* [YOUR OBJECTIVE]:
Transcribe only the lines of the listing below from the one holding "welcoming healthcare environment." through the one holding "Surface of electronic", inclusive, without any change.

* [RAW DATA]:
# # #

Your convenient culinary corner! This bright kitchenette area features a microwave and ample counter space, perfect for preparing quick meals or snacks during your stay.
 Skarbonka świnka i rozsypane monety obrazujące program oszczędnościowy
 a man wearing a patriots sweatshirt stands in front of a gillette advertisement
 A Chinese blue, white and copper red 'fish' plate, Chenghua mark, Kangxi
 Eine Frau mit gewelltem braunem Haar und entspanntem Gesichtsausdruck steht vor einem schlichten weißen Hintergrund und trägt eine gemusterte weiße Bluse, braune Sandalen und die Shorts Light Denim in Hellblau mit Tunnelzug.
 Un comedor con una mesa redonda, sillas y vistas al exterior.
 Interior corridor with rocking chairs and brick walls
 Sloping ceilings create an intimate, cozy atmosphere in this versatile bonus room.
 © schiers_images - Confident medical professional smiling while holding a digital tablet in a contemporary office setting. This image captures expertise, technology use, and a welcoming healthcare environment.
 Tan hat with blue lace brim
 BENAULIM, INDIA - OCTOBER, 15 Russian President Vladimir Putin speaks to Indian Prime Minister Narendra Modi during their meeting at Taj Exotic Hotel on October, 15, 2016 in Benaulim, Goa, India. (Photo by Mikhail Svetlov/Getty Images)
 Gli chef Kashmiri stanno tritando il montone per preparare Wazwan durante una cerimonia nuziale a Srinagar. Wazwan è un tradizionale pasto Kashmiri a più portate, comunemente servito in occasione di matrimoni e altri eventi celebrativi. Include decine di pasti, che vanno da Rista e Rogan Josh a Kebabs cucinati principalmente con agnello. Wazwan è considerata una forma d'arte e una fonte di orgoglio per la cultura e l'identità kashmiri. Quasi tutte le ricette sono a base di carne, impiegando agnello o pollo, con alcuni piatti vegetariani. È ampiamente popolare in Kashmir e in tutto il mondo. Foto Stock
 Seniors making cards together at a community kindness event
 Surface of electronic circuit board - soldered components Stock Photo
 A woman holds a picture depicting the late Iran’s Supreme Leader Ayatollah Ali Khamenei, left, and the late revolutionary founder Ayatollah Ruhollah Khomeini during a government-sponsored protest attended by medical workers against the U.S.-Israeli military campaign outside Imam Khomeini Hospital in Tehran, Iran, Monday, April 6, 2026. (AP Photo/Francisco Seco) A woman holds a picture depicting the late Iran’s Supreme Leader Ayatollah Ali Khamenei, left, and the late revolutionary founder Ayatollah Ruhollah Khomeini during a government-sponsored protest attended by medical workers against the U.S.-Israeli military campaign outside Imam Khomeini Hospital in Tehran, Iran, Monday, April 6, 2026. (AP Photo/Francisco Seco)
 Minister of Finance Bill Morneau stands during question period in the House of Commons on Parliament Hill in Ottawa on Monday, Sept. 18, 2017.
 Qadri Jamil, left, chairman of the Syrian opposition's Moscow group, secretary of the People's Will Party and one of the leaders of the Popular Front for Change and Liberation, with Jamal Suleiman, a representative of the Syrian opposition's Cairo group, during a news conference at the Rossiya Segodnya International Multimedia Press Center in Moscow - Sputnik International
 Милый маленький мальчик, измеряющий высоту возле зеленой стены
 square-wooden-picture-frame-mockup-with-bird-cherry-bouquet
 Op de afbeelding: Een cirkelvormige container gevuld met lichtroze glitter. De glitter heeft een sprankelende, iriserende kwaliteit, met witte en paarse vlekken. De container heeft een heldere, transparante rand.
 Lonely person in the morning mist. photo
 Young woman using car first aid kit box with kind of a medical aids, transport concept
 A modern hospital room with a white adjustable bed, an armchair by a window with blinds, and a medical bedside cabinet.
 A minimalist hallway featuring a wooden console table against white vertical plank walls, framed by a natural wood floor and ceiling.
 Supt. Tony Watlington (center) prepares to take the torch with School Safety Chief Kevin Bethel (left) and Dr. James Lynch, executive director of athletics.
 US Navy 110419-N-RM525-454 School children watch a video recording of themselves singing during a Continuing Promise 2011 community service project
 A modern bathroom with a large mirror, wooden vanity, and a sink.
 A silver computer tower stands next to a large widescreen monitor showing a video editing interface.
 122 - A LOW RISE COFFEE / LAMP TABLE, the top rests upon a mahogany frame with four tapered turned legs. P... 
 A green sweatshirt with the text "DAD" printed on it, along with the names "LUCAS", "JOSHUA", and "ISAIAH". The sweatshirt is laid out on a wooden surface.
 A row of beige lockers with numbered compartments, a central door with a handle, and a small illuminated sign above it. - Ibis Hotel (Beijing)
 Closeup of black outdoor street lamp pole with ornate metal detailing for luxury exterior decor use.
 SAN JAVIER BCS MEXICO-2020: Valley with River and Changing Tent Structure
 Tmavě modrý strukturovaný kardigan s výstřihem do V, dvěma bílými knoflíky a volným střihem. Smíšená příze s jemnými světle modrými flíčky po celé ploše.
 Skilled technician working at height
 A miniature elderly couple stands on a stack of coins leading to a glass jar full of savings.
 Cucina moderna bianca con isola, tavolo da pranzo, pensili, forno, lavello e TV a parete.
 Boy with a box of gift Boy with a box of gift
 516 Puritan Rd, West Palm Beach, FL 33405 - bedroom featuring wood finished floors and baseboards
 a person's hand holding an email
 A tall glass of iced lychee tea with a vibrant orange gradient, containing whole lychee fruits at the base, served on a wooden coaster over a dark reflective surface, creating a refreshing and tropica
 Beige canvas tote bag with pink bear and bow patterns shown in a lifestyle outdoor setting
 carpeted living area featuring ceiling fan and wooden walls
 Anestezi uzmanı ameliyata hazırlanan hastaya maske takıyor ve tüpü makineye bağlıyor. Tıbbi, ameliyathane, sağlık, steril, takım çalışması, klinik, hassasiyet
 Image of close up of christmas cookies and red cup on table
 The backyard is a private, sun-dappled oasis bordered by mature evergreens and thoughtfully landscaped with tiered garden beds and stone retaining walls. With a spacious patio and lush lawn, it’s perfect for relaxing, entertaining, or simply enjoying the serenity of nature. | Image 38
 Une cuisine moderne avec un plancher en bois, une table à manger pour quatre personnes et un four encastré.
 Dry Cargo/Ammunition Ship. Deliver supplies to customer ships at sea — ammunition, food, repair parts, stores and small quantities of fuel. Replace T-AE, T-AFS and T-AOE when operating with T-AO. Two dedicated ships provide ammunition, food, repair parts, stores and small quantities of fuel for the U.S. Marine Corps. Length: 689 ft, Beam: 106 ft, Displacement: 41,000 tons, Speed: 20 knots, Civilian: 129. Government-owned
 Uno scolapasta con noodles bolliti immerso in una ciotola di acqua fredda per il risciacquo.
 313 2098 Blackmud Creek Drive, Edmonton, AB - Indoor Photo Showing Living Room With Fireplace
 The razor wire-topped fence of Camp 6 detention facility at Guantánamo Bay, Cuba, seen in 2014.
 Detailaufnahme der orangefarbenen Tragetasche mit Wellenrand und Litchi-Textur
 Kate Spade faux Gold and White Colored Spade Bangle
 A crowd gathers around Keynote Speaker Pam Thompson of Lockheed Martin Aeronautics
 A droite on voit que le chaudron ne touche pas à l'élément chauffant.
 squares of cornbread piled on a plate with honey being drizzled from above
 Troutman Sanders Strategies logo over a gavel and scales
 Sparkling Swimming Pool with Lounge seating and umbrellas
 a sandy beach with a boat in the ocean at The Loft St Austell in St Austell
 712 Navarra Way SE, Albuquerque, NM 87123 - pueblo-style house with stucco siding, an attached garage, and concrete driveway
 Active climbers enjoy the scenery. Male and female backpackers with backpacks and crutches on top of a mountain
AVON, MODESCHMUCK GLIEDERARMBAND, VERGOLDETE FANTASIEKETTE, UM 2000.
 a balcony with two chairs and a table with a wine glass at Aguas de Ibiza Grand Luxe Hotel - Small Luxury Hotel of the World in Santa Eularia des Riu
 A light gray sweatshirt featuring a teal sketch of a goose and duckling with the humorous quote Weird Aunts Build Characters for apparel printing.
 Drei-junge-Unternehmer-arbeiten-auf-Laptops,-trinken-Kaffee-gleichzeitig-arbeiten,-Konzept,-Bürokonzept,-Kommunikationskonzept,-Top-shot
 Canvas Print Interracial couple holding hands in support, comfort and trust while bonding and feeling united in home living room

# # #

* [ANSWER BELOW]:
 © schiers_images - Confident medical professional smiling while holding a digital tablet in a contemporary office setting. This image captures expertise, technology use, and a welcoming healthcare environment.
 Tan hat with blue lace brim
 BENAULIM, INDIA - OCTOBER, 15 Russian President Vladimir Putin speaks to Indian Prime Minister Narendra Modi during their meeting at Taj Exotic Hotel on October, 15, 2016 in Benaulim, Goa, India. (Photo by Mikhail Svetlov/Getty Images)
 Gli chef Kashmiri stanno tritando il montone per preparare Wazwan durante una cerimonia nuziale a Srinagar. Wazwan è un tradizionale pasto Kashmiri a più portate, comunemente servito in occasione di matrimoni e altri eventi celebrativi. Include decine di pasti, che vanno da Rista e Rogan Josh a Kebabs cucinati principalmente con agnello. Wazwan è considerata una forma d'arte e una fonte di orgoglio per la cultura e l'identità kashmiri. Quasi tutte le ricette sono a base di carne, impiegando agnello o pollo, con alcuni piatti vegetariani. È ampiamente popolare in Kashmir e in tutto il mondo. Foto Stock
 Seniors making cards together at a community kindness event
 Surface of electronic circuit board - soldered components Stock Photo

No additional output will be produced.